On this mountain, the Lord of hosts will prepare for all peoples a banquet of rich food, a banquet of fine wines, of food rich and juicy, of fine strained wines. On this mountain he will remove the mourning veil covering all peoples, and the shroud enwrapping all nations, he will destroy Death for ever. The Lord will wipe away the tears from every cheek; he will take away his people’s shame everywhere on earth, for the Lord has said so. That day, it will be said: See, this is our God in whom we hoped for salvation; the Lord is the one in whom we hoped. We exult and we rejoice that he has saved us; for the hand of the Lord rests on this mountain.
Psalm 22 In the Lord’s own house shall I dwell for ever and ever.
Jesus reached the shores of the Sea of Galilee, and he went up into the hills. He sat there, and large crowds came to him bringing the lame, the crippled, the blind, the dumb and many others; these they put down at his feet, and he cured them. The crowds were astonished to see the dumb speaking, the cripples whole again, the lame walking and the blind with their sight, and they praised the God of Israel.
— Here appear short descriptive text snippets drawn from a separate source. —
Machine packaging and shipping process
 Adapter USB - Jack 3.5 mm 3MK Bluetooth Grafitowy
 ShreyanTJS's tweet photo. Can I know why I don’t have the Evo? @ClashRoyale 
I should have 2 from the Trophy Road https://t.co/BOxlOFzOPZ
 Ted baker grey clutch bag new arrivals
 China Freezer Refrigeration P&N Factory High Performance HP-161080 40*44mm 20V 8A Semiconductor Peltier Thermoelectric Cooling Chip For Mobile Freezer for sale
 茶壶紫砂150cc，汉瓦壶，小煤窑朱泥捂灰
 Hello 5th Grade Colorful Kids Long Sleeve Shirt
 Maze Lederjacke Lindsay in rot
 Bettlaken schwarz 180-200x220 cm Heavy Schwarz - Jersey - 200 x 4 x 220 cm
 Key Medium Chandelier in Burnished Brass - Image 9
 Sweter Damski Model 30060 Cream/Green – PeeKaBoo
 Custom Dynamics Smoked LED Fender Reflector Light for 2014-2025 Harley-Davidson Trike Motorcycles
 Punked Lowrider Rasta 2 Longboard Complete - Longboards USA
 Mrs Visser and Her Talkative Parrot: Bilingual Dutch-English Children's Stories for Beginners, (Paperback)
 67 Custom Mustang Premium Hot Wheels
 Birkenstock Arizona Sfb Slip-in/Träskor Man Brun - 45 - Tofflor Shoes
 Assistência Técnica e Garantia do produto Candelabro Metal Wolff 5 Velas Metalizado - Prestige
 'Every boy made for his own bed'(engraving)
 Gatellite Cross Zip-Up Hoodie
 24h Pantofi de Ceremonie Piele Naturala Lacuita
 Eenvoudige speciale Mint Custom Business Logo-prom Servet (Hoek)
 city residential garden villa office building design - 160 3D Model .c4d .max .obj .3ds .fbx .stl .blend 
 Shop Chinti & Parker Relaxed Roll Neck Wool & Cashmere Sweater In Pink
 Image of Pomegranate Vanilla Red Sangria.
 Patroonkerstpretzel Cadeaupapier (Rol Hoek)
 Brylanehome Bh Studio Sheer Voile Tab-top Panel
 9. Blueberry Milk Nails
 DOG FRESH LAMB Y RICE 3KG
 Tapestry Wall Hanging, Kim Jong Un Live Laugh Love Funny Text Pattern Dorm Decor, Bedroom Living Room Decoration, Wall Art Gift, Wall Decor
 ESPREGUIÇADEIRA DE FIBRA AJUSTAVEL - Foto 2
But Jesus called his disciples to him and said, ‘I feel sorry for all these people; they have been with me for three days now and have nothing to eat. I do not want to send them off hungry, they might collapse on the way.’ The disciples said to him, ‘Where could we get enough bread in this deserted place to feed such a crowd?’ Jesus said to them, ‘How many loaves have you?’ ‘Seven’ they said ‘and a few small fish.’ Then he instructed the crowd to sit down on the ground, and he took the seven loaves and the fish, and he gave thanks and broke them and handed them to the disciples, who gave them to the crowds. They all ate as much as they wanted, and they collected what was left of the scraps, seven baskets full.
Advent is a time of hope. We hope in the promise of God, in whom “nothing shall I want” (Psalm 23). God provides a rich banquet, that takes away hunger – the deepest hunger. The beautiful texts of Isaiah are full of promise and abundance. God will wipe away the tears from every cheek and take away the shame of his people everywhere on earth.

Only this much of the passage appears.